YOUR INSTRUCTIONS: From the line containing "used 2022 Cadillac" down to the final line of the entries below, quote every line verbatim. Exclude pictures.

───── PROVIDED RECORDS ─────

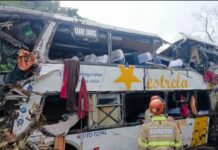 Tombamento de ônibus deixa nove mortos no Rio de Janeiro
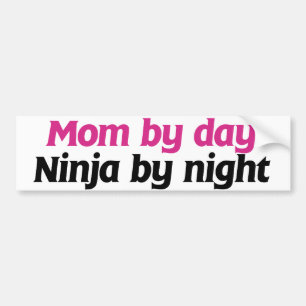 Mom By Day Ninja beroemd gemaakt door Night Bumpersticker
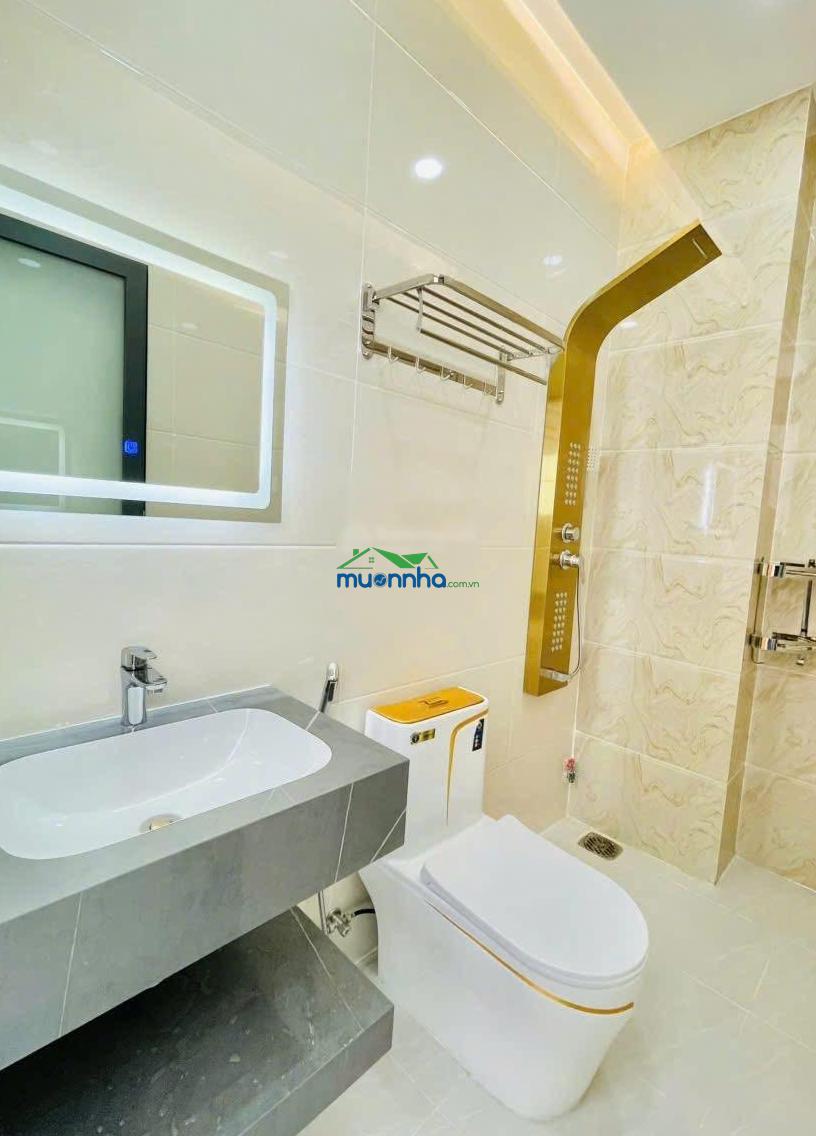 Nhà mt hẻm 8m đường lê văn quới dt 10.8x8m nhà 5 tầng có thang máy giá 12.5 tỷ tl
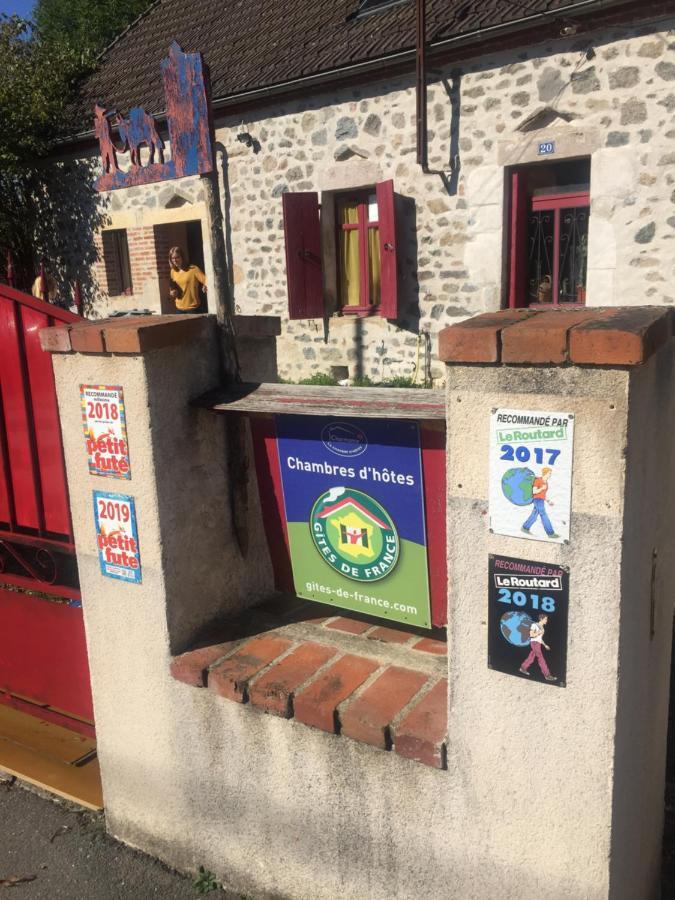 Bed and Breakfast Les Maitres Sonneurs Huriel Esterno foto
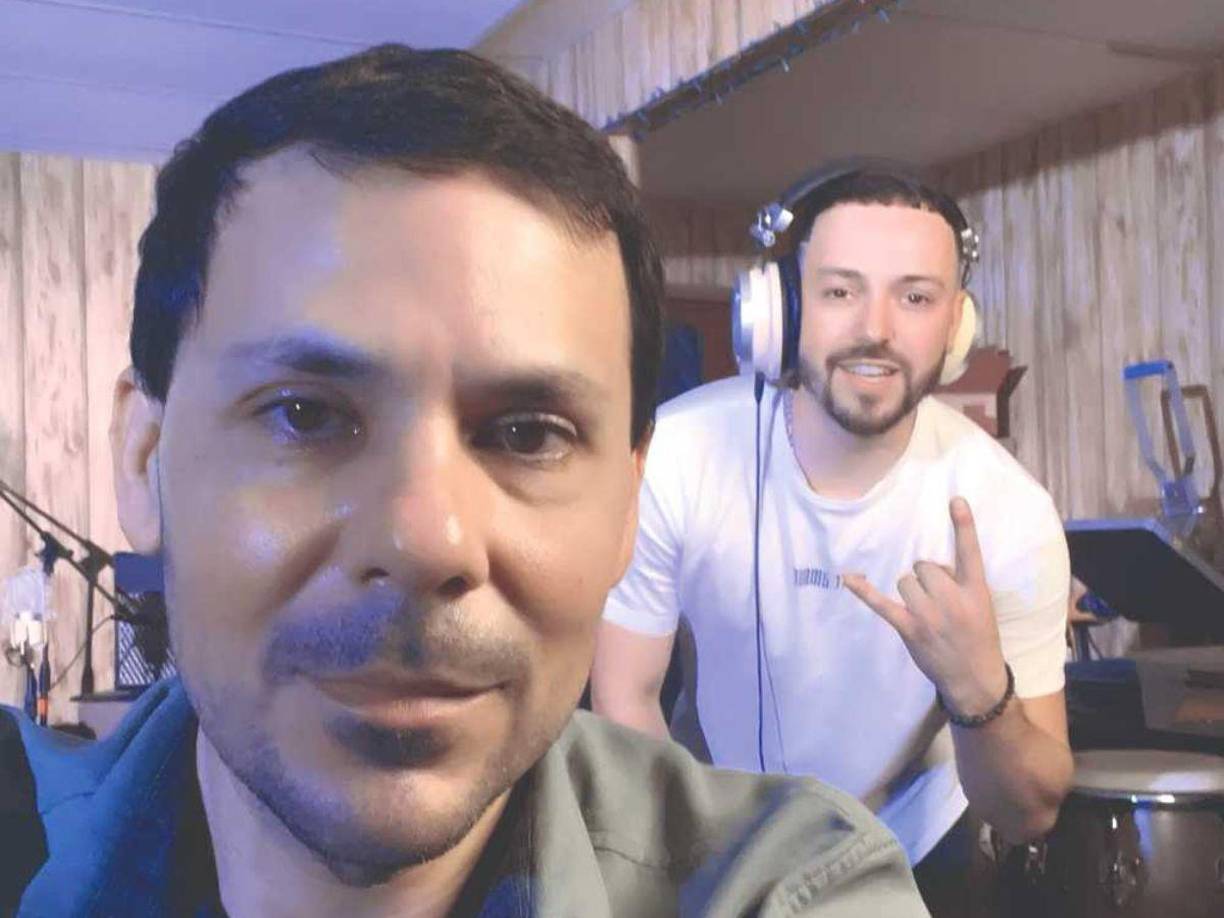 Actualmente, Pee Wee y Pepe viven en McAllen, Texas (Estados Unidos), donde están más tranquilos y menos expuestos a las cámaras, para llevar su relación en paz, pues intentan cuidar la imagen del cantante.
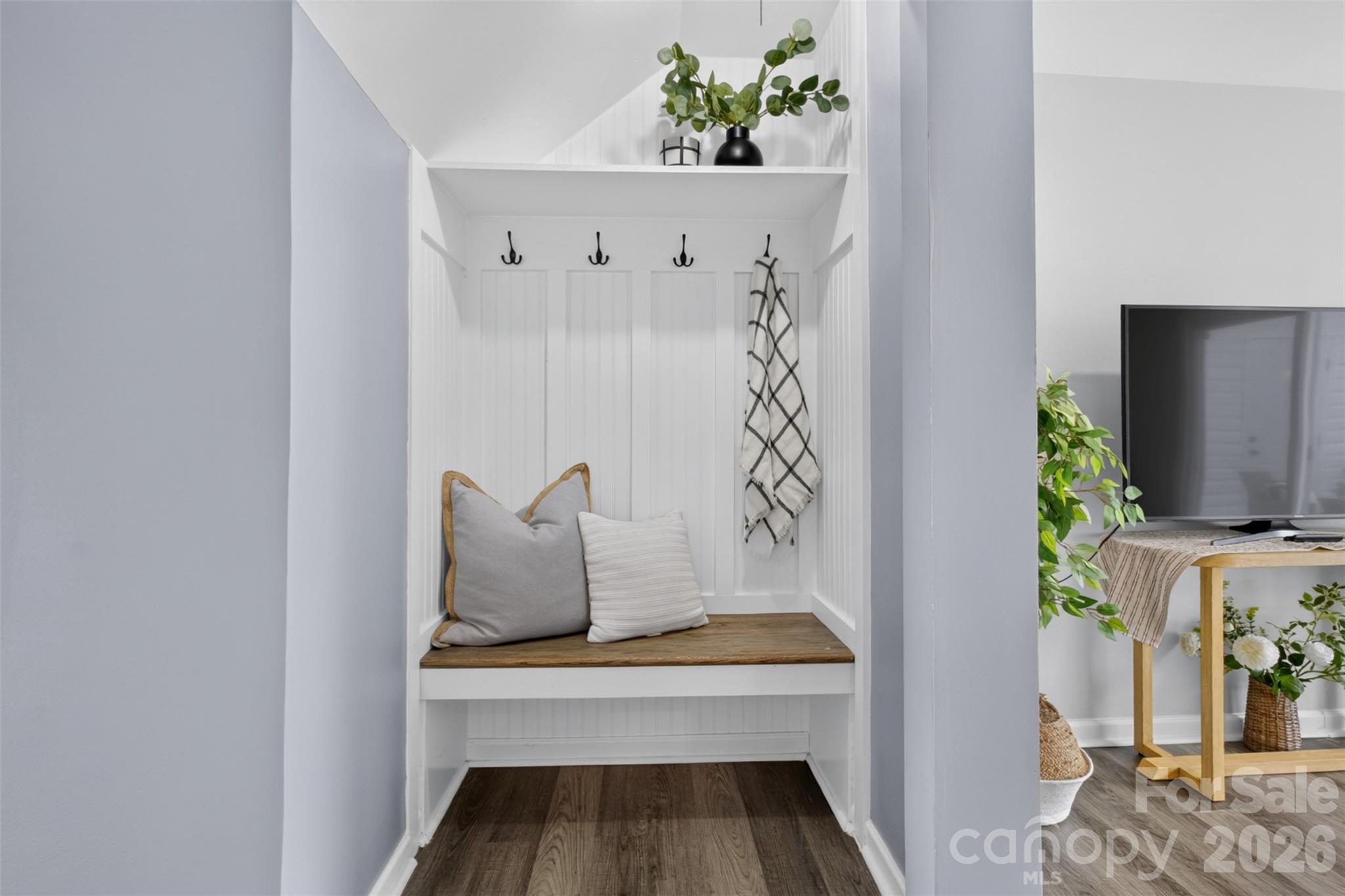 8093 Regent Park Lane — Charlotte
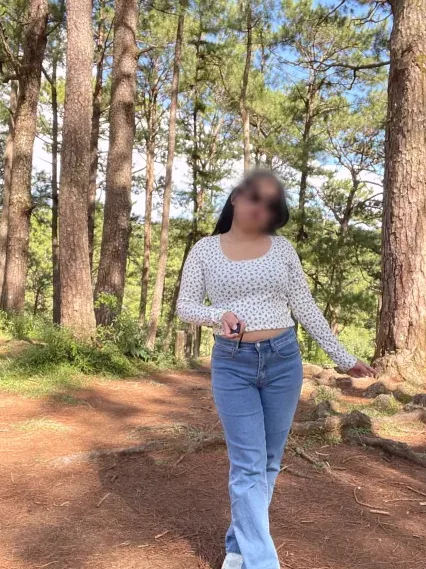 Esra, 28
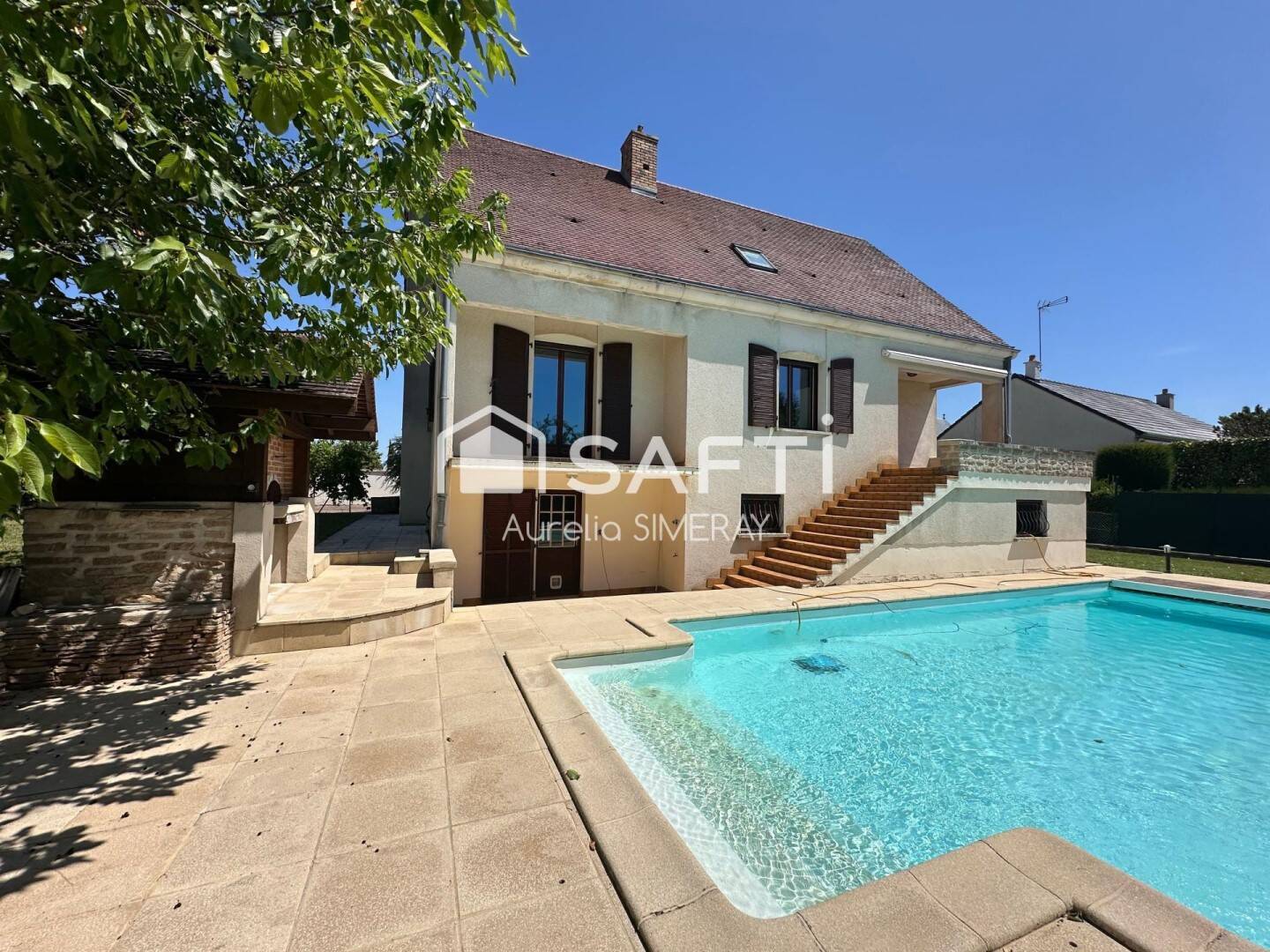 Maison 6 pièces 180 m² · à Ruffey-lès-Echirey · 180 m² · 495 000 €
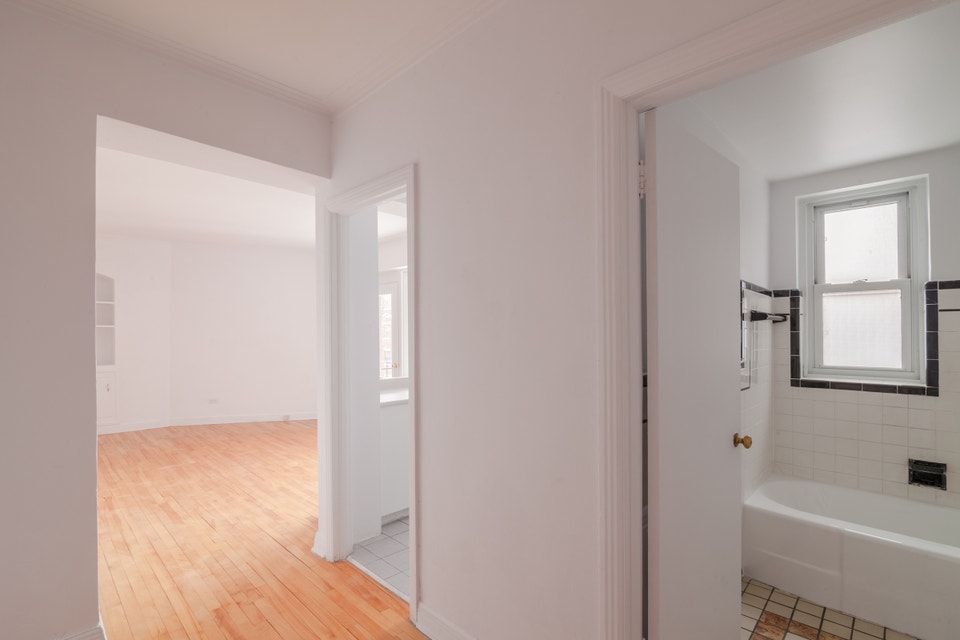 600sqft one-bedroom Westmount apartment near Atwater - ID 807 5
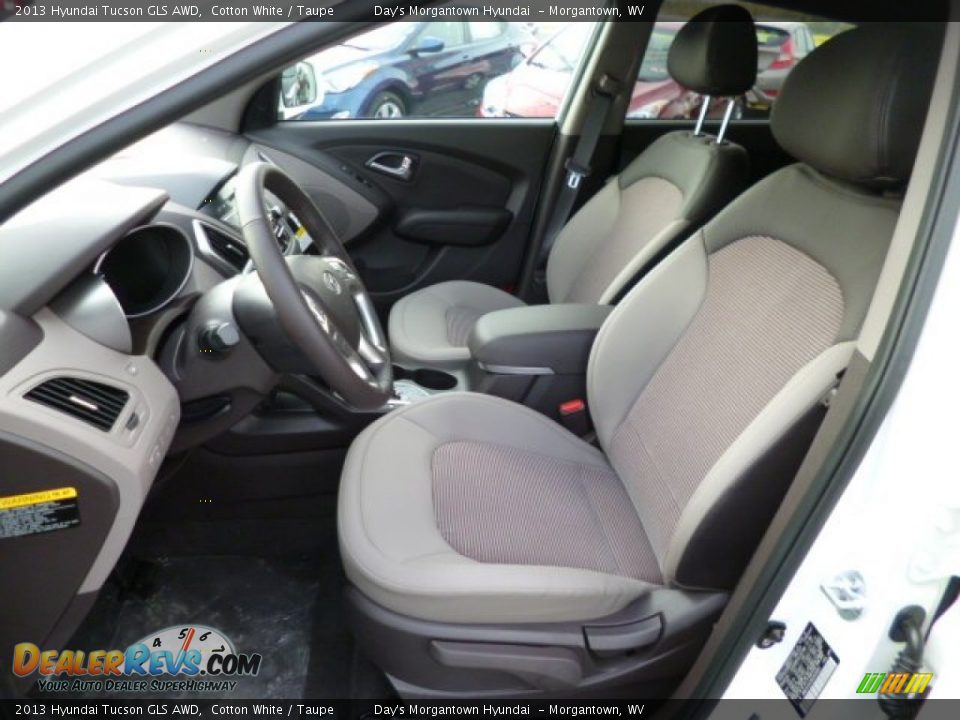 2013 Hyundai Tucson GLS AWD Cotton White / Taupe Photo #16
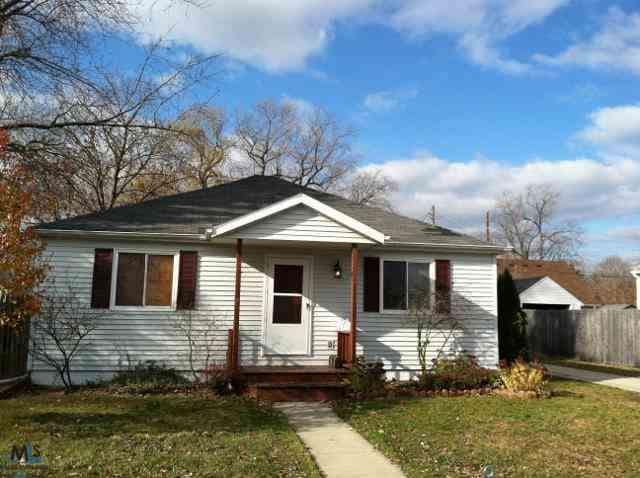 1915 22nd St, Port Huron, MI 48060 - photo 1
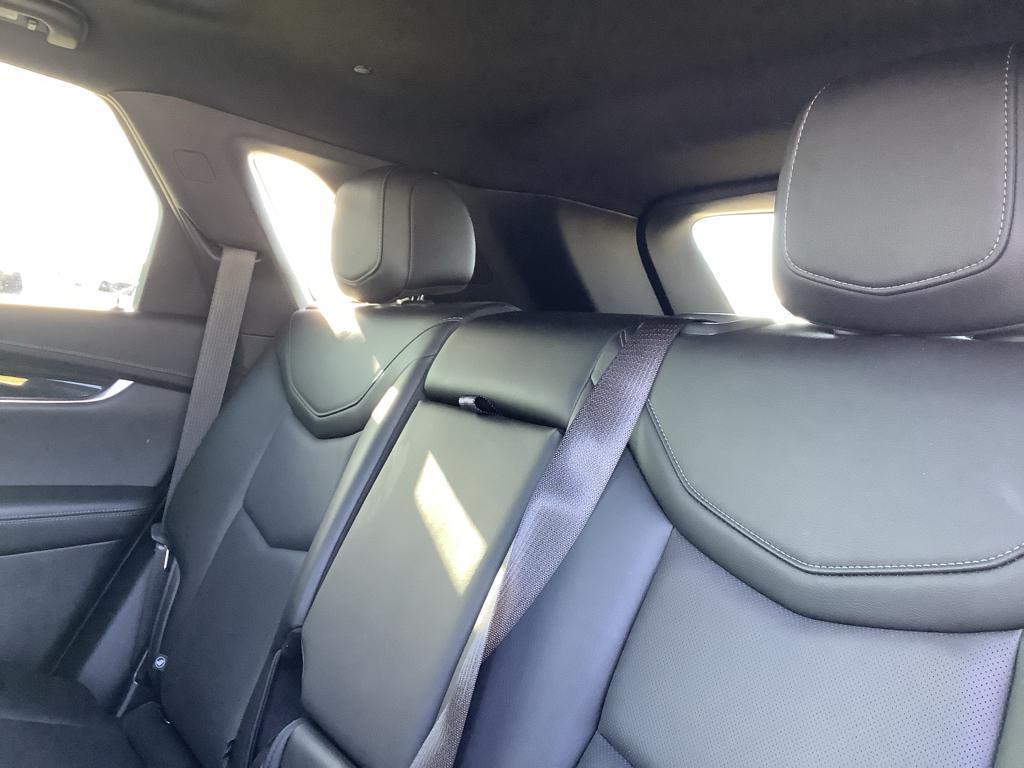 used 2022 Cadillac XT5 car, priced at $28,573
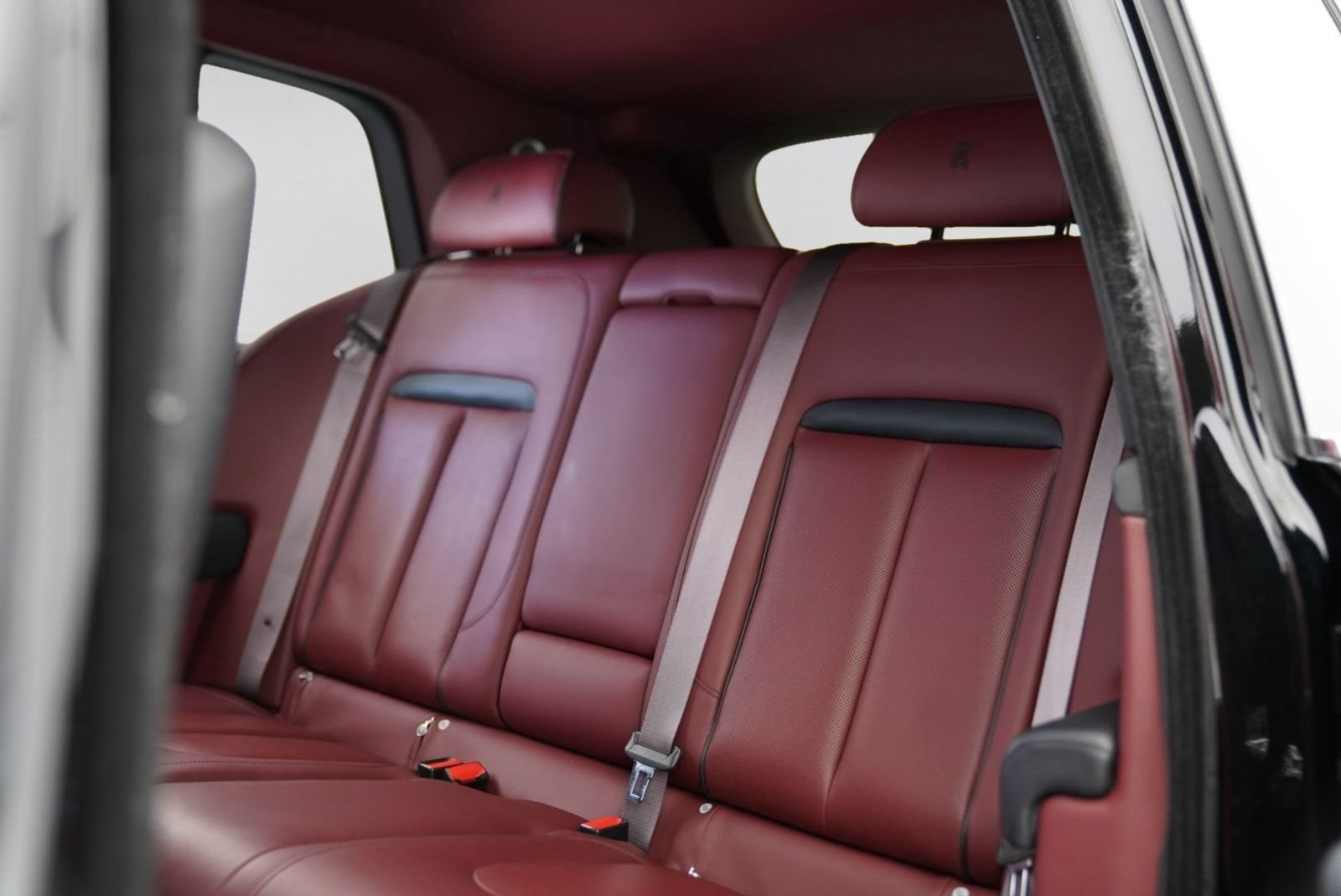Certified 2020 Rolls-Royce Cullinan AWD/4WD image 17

─────

EXPECTED ANSWER:
 used 2022 Cadillac XT5 car, priced at $28,573
Certified 2020 Rolls-Royce Cullinan AWD/4WD image 17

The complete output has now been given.